Given data>

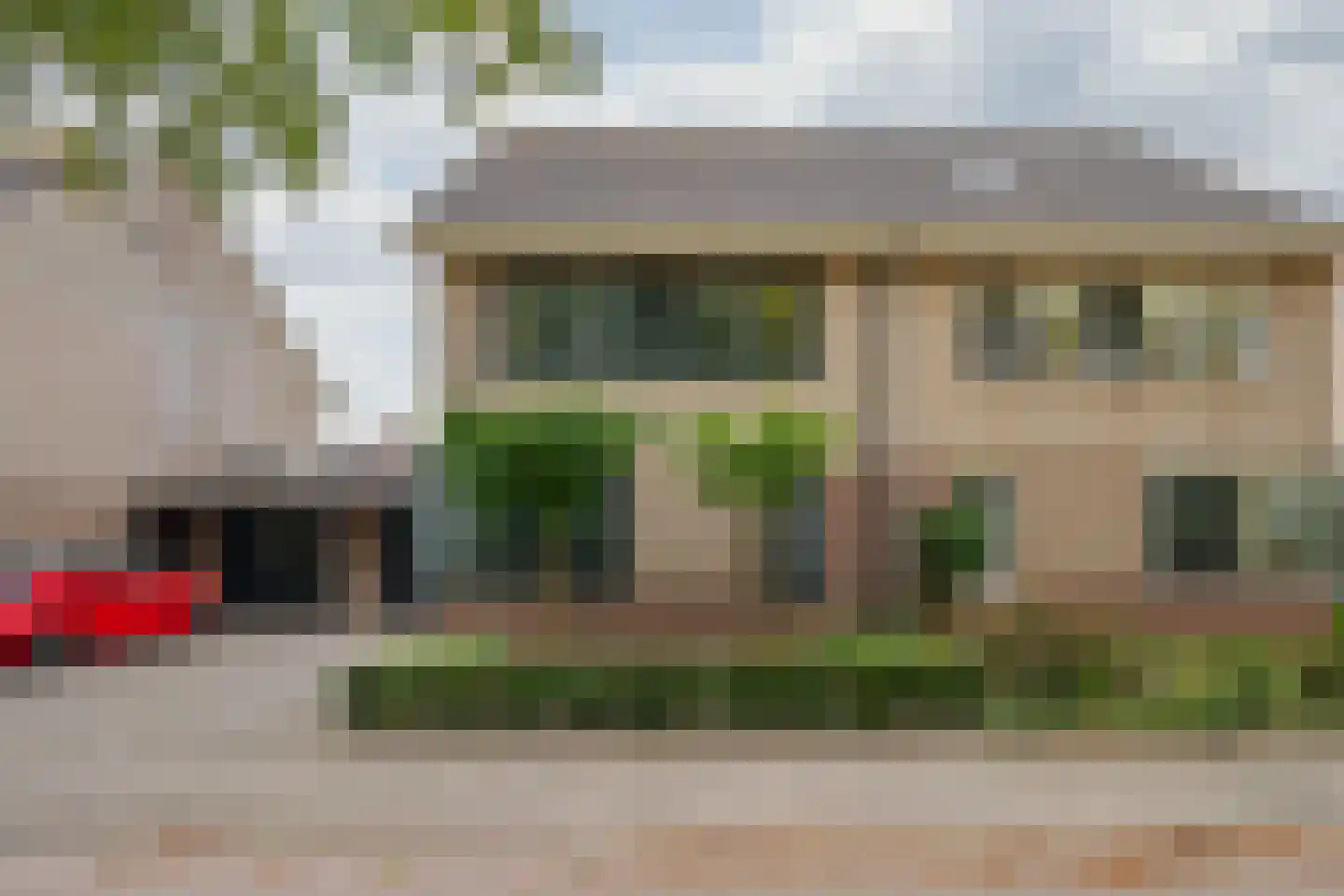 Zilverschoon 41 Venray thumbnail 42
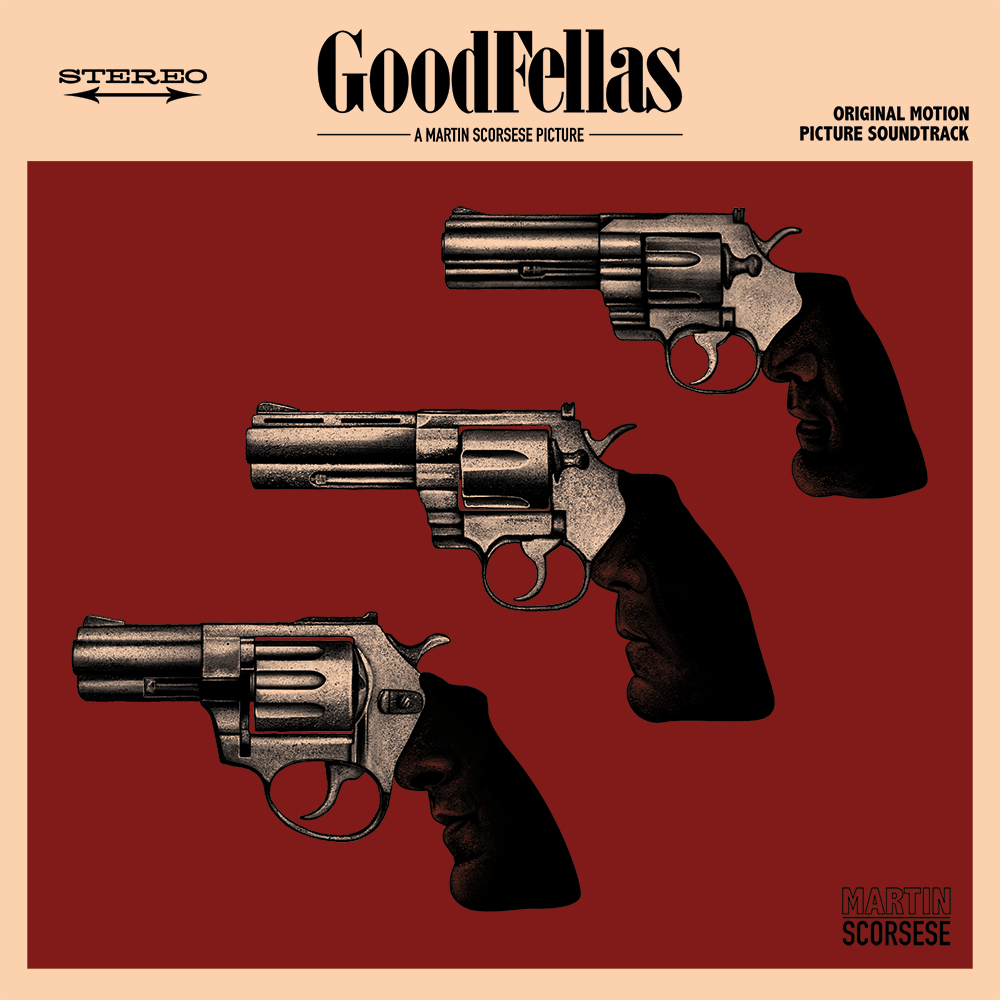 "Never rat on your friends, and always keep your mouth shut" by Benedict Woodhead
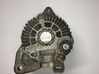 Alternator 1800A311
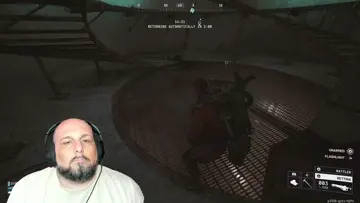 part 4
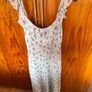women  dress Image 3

==

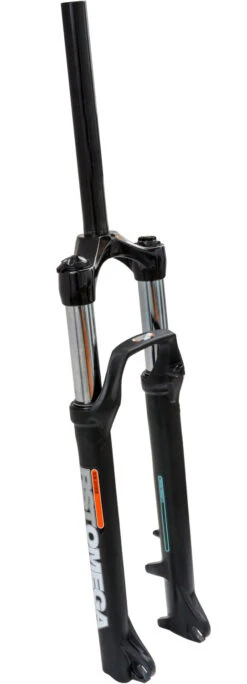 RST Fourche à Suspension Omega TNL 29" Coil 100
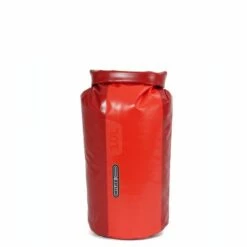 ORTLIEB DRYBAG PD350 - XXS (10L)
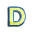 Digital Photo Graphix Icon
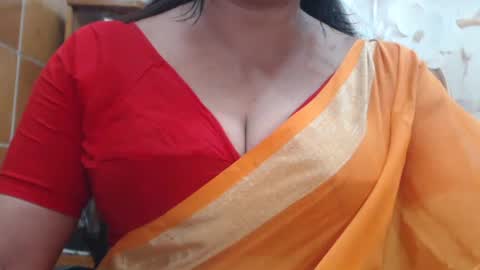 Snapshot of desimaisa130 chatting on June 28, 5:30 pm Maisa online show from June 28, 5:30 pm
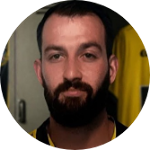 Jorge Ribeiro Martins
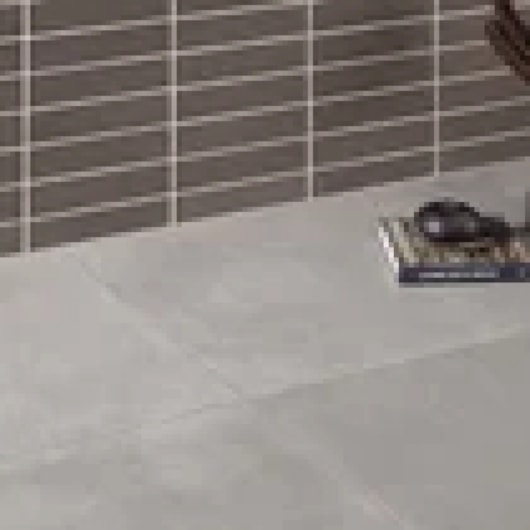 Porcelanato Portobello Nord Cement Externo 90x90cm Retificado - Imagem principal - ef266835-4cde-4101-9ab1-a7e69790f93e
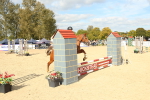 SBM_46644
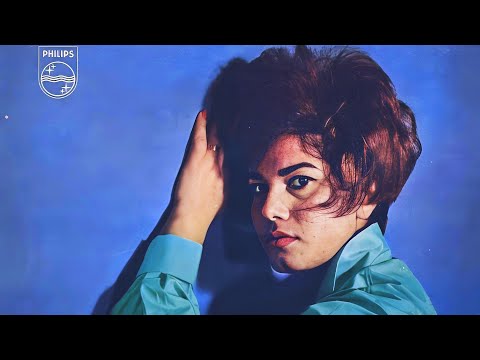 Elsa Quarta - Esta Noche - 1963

---

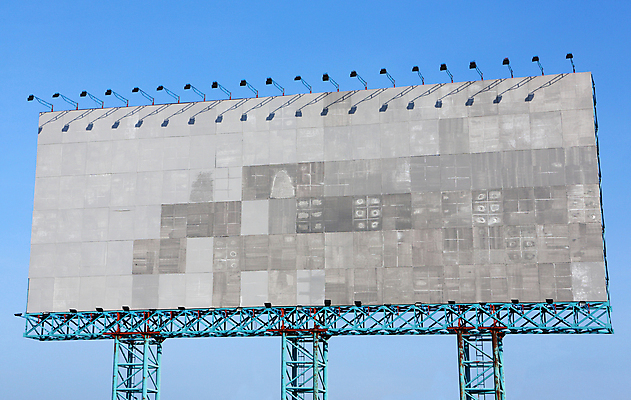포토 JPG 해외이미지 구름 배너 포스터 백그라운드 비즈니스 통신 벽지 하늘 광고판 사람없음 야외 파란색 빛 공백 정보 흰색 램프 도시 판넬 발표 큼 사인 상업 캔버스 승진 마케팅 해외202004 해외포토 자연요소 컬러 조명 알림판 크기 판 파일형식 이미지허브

Task item> From the material above, give again exactly the lines from the one that contains "RST Fourche à" through the one that contains "Elsa Quarta - Esta Noche - 1963", and leave out the pictures.

Result of this exercise>
 RST Fourche à Suspension Omega TNL 29" Coil 100
 ORTLIEB DRYBAG PD350 - XXS (10L)
 Digital Photo Graphix Icon
 Snapshot of desimaisa130 chatting on June 28, 5:30 pm Maisa online show from June 28, 5:30 pm
 Jorge Ribeiro Martins
 Porcelanato Portobello Nord Cement Externo 90x90cm Retificado - Imagem principal - ef266835-4cde-4101-9ab1-a7e69790f93e
 SBM_46644
 Elsa Quarta - Esta Noche - 1963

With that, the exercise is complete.